- What the exercise asks
Please repeat, exactly as written, the line containing "Cosmic Drop screenshot: REACH" and every line after it through the end of the records below, leaving out any pictures.

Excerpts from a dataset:
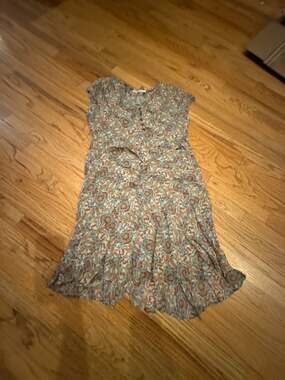 Nile Atelier Paisley Floral Print Button-Front Ruffle Hem Dress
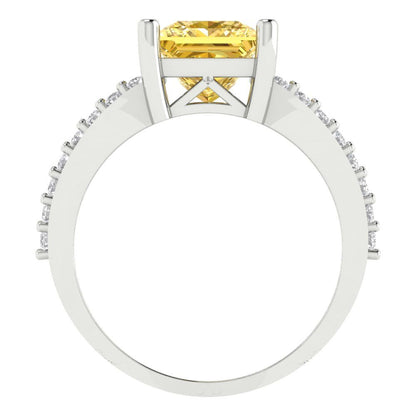 2.48 cttw Zirconia Simulated Yellow Diamond Solitaire with Zirconia Simulated Diamond Accents Engagement Ring - Solid Gold (VVS1, Princess Cut,7.0mm)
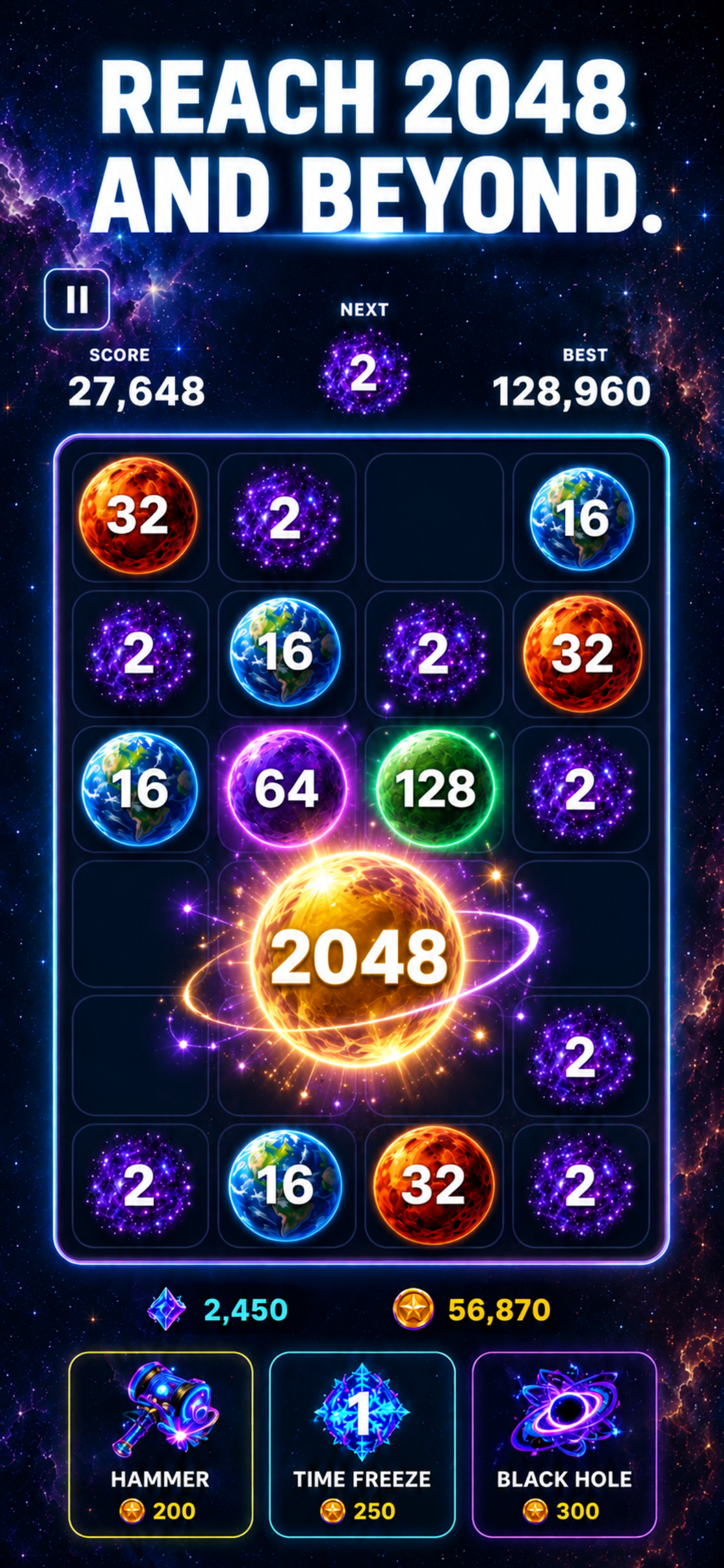 Cosmic Drop screenshot: REACH 2048 AND BEYOND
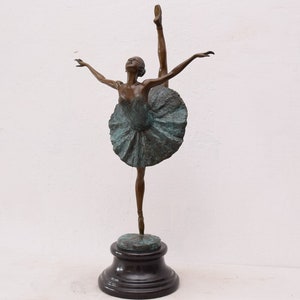 XL Ballett Tänzerin Bronze Figur Ballerina Tänzerin Bronze Figur im Rock Geschenkidee -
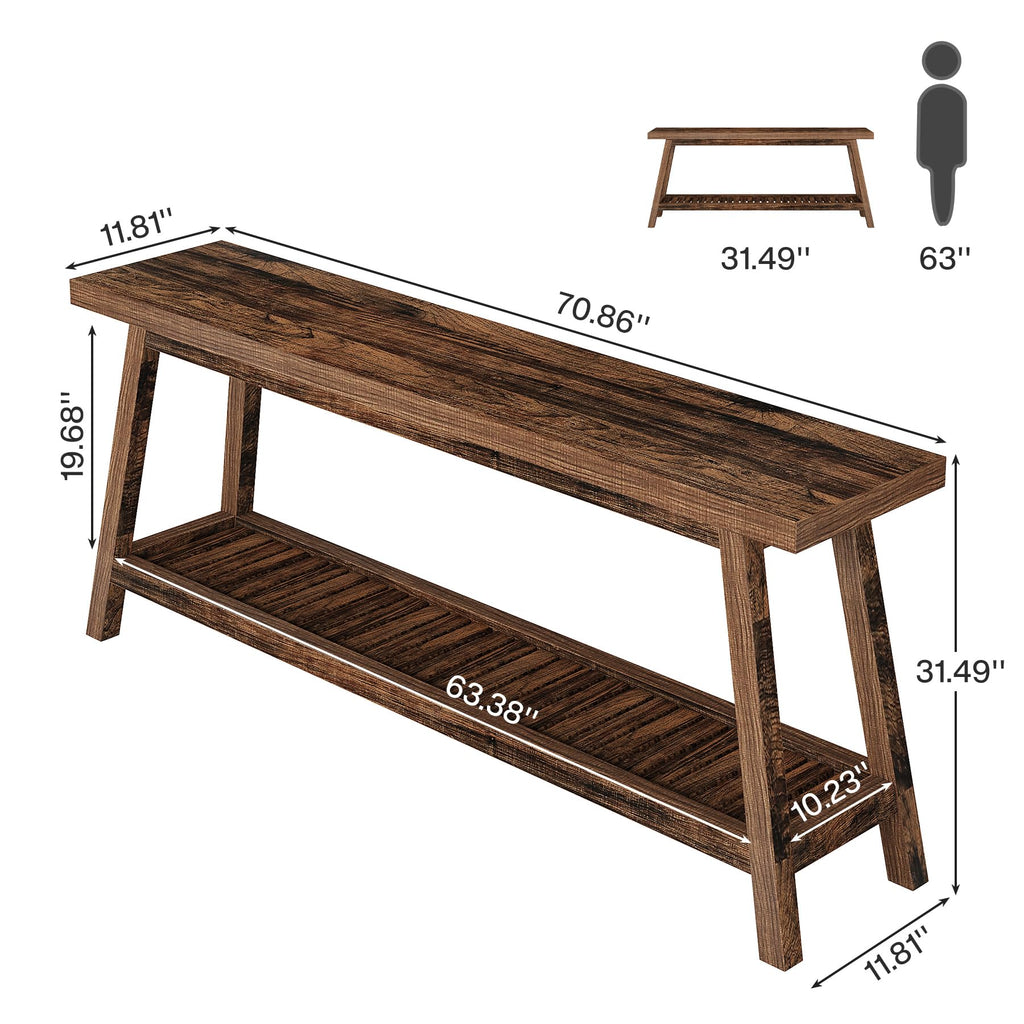 70.86-Inch Console Table for Entyrway, Farmhouse 2-Tier Entry Entrance Table, Narrow Long Sofa Table Behind Couch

- Completed task
 Cosmic Drop screenshot: REACH 2048 AND BEYOND
 XL Ballett Tänzerin Bronze Figur Ballerina Tänzerin Bronze Figur im Rock Geschenkidee -
 70.86-Inch Console Table for Entyrway, Farmhouse 2-Tier Entry Entrance Table, Narrow Long Sofa Table Behind Couch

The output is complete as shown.